Collection entries:
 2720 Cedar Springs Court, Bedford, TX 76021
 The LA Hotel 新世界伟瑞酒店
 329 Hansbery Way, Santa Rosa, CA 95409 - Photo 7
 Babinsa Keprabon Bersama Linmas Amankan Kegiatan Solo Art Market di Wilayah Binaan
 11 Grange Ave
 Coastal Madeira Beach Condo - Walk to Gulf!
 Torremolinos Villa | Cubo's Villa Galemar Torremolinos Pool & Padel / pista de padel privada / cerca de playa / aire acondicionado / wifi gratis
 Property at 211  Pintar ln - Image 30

==

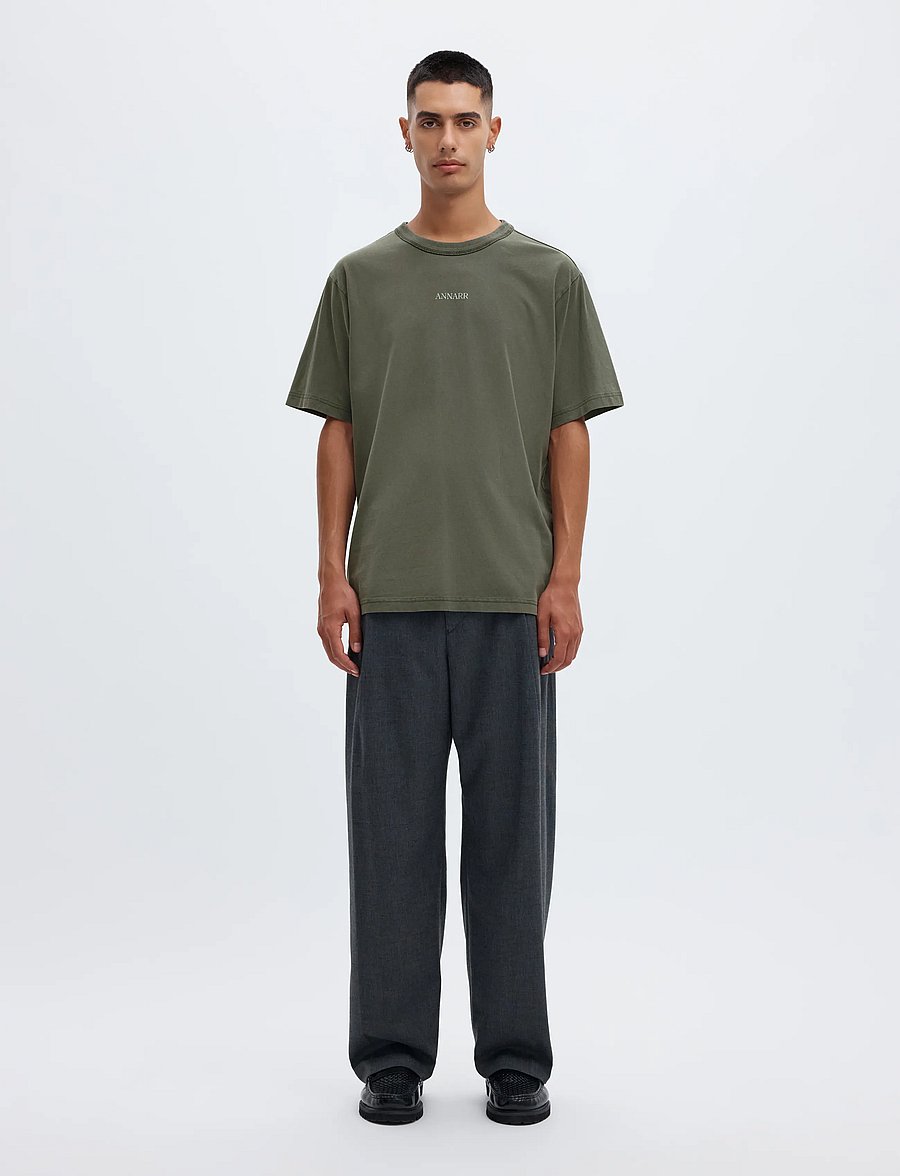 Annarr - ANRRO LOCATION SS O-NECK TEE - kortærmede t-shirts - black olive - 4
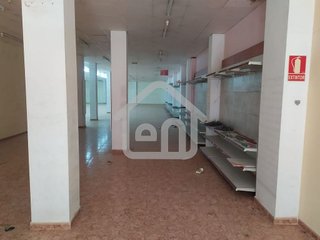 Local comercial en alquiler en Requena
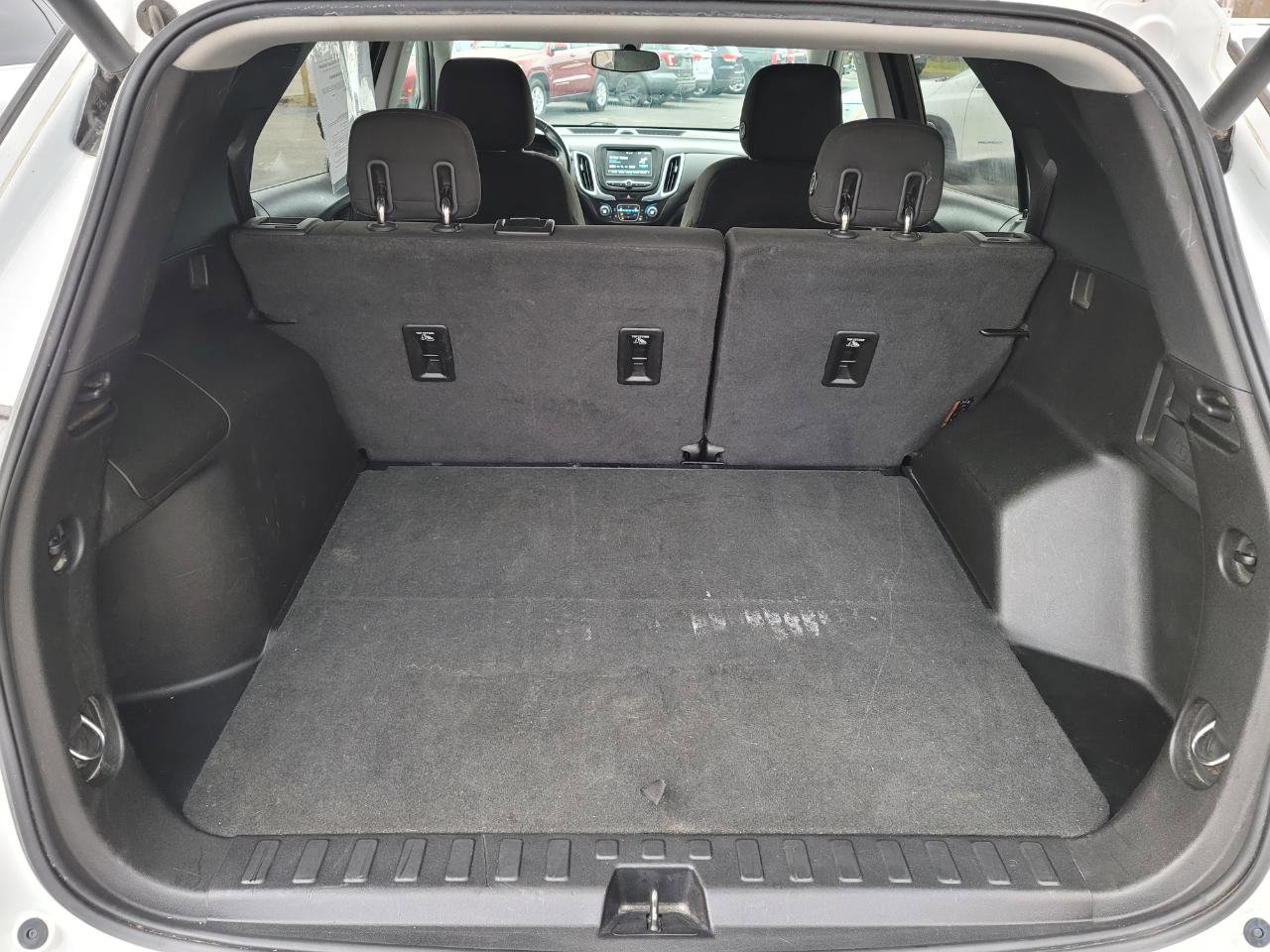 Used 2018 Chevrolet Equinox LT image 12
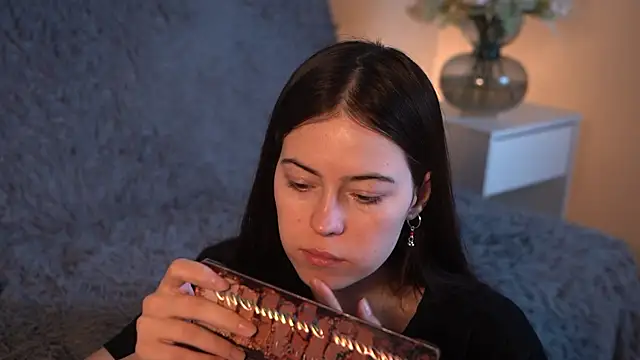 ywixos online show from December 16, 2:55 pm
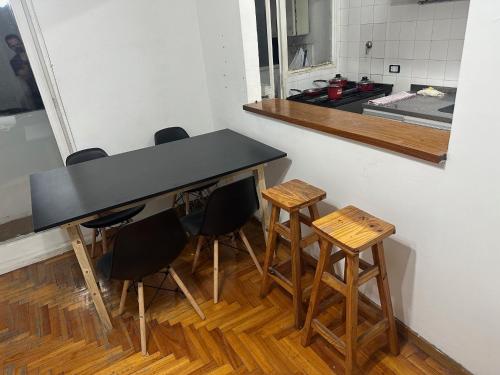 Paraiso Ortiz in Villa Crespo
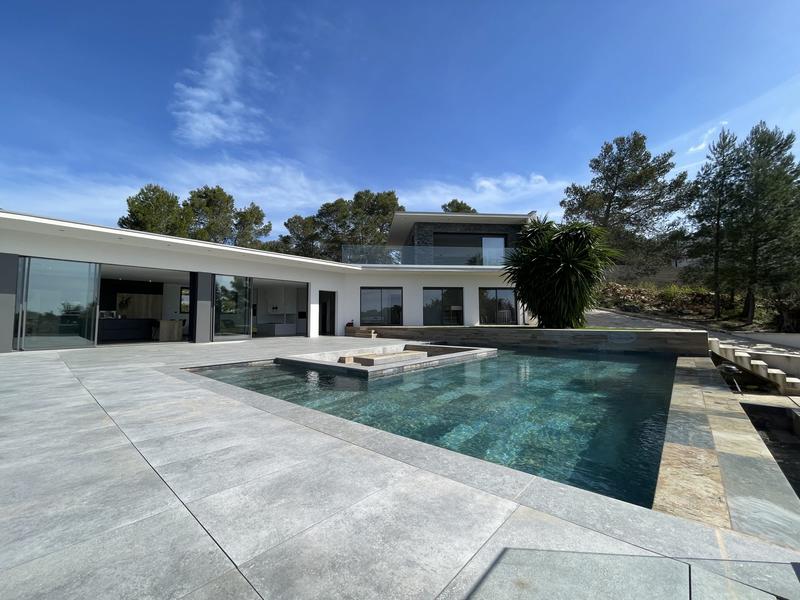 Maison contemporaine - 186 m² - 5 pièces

How to complete this task
Work from the entries above. Set down exactly and only the lines from the line with "Annarr - ANRRO" to the line with "Maison contemporaine - 186 m² - 5 pièces", both included, and leave the pictures out.

Result for this exercise
 Annarr - ANRRO LOCATION SS O-NECK TEE - kortærmede t-shirts - black olive - 4
 Local comercial en alquiler en Requena
 Used 2018 Chevrolet Equinox LT image 12
 ywixos online show from December 16, 2:55 pm
 Paraiso Ortiz in Villa Crespo
 Maison contemporaine - 186 m² - 5 pièces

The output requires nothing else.